Si stima che due terzi delle emissioni di questi moduli di vacanza per super-ricchi vengano rilasciate finché il mezzo si trova nella stratosfera, tra i 12 e i 50 km di distanza dalla Terra, o al massimo nella mesosfera, il livello immediatamente successivo, tra i 50 e gli 85 km di altezza. In questi strati le emissioni possono resistere e circolare, trasportate dall’aria, per un periodo minimo di 2 o 3 anni. Durante le fasi di allontanamento dalla superficie terrestre e di rientro nell’atmosfera – perché naturalmente le navicelle devono anche tornare indietro, al termine della spedizione – si generano temperature altissime e l’ossigeno stabilizzato a quelle altezze, nell’aria, si converte, per una reazione chimica, in ossido di azoto reattivo. Ciò si deve alla combustione degli scudi di calore protettivi delle navicelle, indispensabili perché il processo di rientro vada a buon fine.

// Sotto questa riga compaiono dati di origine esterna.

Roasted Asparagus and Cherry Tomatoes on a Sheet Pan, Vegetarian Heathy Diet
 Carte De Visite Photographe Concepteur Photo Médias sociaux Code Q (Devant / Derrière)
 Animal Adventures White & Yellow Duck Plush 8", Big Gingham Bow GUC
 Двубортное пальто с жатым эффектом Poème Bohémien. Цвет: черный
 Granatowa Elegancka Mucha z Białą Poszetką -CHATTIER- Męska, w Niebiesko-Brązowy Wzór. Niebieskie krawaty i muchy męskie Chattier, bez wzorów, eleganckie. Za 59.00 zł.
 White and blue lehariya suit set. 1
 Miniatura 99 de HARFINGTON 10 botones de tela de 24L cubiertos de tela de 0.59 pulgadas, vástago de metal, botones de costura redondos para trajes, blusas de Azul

Cambiamento climatico e turismo spaziale
Questi viaggi tra le stelle sono attori protagonisti nel cambiamento climatico. Anidride carbonica e fuliggine espulse dai propulsori intrappolano il calore nell’atmosfera, riscaldandola. I vapori acquei rilasciati dai motori ibridi o a idrogeno formano nuvole di provenienza non naturale riflettendo la luce del sole verso lo spazio e schermandone l’arrivo sul nostro Pianeta, togliendoci luce. Lo strato di ozono, già forato da tempo, è incapace di assorbire la luce solare come dovrebbe, inficiando il riscaldamento della Terra. In sostanza, un singolo viaggio spaziale come quelli di luglio è una potenziale mina vagante per il pianeta, immaginiamo cosa possa significare un’industria dello spazio.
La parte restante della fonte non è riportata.